These notes are reproduced from the original programme notes for the Whittington International Chamber Music Schubert Fest 2014 and are copyright Christopher Symons.
String Quintet in C major, D956
To close this marvellous festival of Schubert’s chamber music, his own final and magnificent chamber composition – the C major String Quintet. It seems impossible that such a bubbling spring of music could be blocked so brutally by cruel Fate – and this just one year after he himself had been a torch-bearer at the funeral of his hero, Beethoven, in 1827.
As the music of these last three evenings has shown, as his writing matured and increasingly reflected his own individuality, it revealed an astonishing breadth of artistic expressiveness: it also empathised with the vagaries of the human condition far more deeply and sensitively than should have been possible in one of such tender age – and never more than in this final quintet. As with Beethoven (in the late quartets and piano sonatas) there are moments in the writing when all his life’s experience – bitter and sweet – seems to be distilled into an utter simplicity of expression, at once tragic and sun-filled, resigned yet still combative. That Beethoven should have developed this insight is perhaps understandable: but Schubert?
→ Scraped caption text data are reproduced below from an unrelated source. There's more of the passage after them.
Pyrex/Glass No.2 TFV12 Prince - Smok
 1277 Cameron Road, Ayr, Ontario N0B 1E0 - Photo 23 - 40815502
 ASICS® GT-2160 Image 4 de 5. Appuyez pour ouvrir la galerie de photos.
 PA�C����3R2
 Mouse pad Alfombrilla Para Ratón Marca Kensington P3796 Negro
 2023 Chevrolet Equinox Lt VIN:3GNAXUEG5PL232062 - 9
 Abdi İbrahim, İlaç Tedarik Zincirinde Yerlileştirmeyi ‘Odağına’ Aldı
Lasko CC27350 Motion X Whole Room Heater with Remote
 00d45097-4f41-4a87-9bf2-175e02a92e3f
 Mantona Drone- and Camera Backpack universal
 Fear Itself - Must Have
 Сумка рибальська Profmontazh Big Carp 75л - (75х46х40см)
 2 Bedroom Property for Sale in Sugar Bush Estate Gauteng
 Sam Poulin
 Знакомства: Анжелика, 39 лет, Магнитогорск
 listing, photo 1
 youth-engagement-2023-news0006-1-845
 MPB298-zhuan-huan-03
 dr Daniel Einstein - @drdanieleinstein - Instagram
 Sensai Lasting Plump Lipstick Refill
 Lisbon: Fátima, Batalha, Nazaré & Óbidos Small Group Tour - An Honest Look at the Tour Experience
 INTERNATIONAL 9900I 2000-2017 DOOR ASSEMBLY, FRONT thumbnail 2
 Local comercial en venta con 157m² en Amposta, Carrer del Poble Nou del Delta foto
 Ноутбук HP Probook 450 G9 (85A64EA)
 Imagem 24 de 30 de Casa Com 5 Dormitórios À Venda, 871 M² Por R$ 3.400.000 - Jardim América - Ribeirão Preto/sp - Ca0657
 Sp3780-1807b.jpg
Aged 31? Take the opening of the second music, for example: it is Auden’s ‘Stop the clocks’: motion seems virtually halted, and just for a moment all pain and disappointment seems to vanish from Schubert. A gentle sunlight floods in, Earth recedes and some happier existence beckons. The music transcends what is for him, in his last days, physical decline, and enters a realm of pure spirituality and consolation.
His use of an extra cello (as opposed to Mozart’s extra viola) gives the texture an added richness, especially since both are used so flexibly, with equal weight and interest. The work was not heard in his own lifetime. It was first performed in Vienna in 1850, and published in 1853.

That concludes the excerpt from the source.